- [Exercise instructions] Using the records that follow, work out the number of lines with the word "during" in them; reply with that number only.

Dataset excerpts

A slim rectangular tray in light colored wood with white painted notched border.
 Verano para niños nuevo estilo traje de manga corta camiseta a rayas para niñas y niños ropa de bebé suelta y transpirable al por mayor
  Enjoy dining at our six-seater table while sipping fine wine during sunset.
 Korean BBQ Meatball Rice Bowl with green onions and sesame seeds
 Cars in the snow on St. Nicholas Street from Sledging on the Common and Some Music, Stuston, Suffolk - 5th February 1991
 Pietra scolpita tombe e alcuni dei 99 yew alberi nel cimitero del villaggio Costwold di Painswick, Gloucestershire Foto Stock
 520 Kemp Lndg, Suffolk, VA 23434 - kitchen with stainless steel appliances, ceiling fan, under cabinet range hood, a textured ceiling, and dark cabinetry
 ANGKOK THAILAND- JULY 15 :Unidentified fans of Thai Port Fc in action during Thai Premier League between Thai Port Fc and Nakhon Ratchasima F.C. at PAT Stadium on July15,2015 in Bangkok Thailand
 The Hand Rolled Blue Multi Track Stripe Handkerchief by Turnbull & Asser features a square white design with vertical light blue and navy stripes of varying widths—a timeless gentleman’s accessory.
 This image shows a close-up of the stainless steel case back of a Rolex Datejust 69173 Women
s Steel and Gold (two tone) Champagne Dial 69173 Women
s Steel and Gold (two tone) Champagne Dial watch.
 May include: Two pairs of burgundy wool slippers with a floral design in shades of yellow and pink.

- [Answer for the task] 2